Brain: Lunched with BK. I like filling my Friday lunch slot with pals. And Trav's. Again a workday of a big variety of fun tasks: NSS is just the bestest. Eve silence, reading with pets and wondering where the hubs was, but feeling like a sullen teen who wasn't going to ask if he couldn't be bothered to tell me.

After work I hit the Grain Bin for some junk food & stuffs, and I discovered the rolls I was eating a couple weeks ago have DAIRY, ingredients #2 & #3. WTF! WRONG ROLLS. That explains the massive acne I blamed on my fake ice cream.

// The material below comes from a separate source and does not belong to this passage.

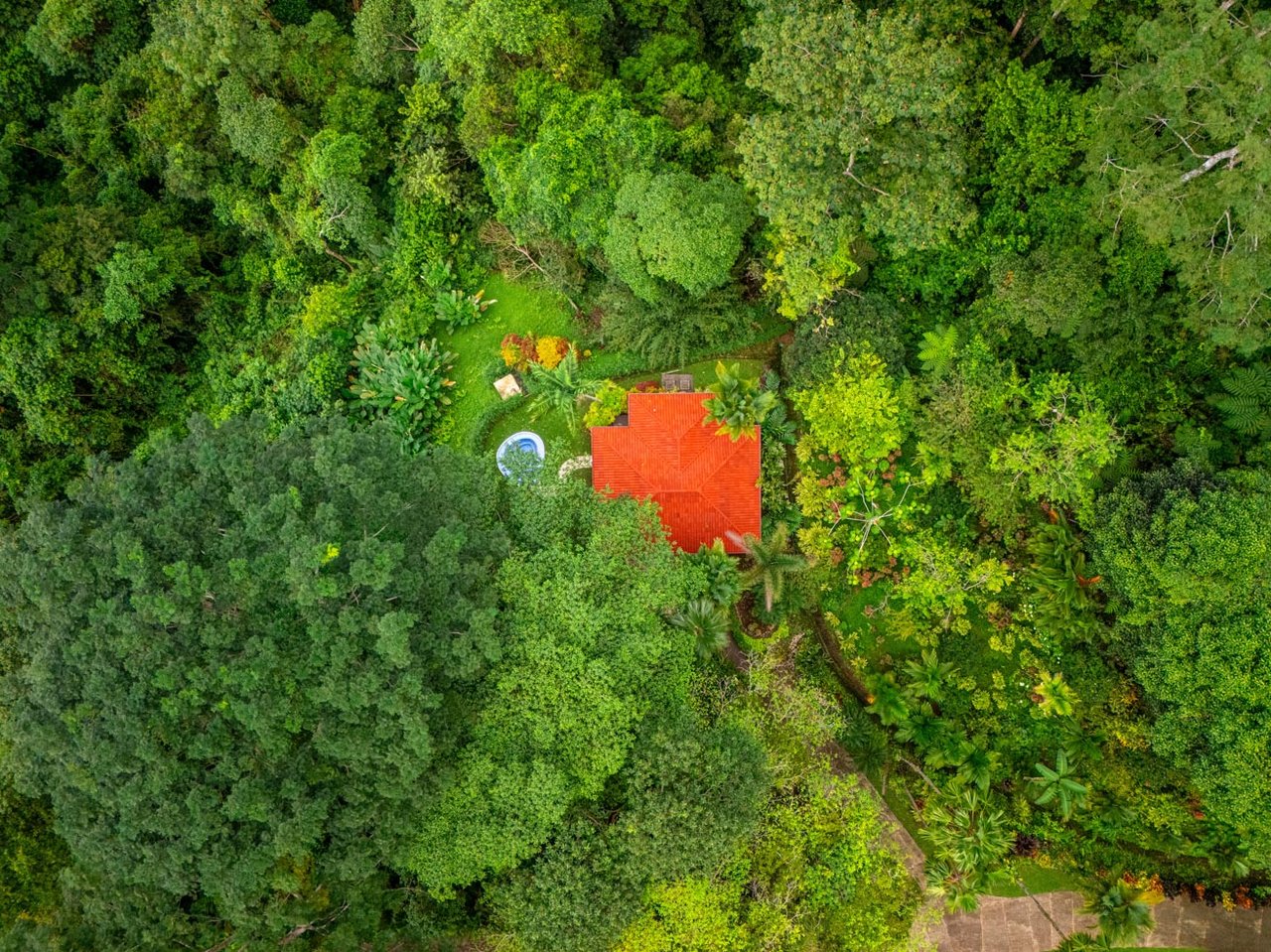 Ocean, jungle & mountain views on a meticulously landscaped 3-home family compound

I guess I should have remembered the color and SLIGHT name difference between the rolls I can eat safely and the one that made me hate my face/self/life for two weeks, but I hadn't bought them in many many months, and they had only ever even carried the one version at GB.

I hate food sensitivities. They completely fucking suck balls.


What I bought and made me hate everything.


What I can eat, and GB used to stock, and made my days happy.

Thursday, January 21

Body: Decent. Little aches yet from Tuesday. Kickass deadlifts, though. Today in session, I had the thought that drop lunges may be causing my left hip thing?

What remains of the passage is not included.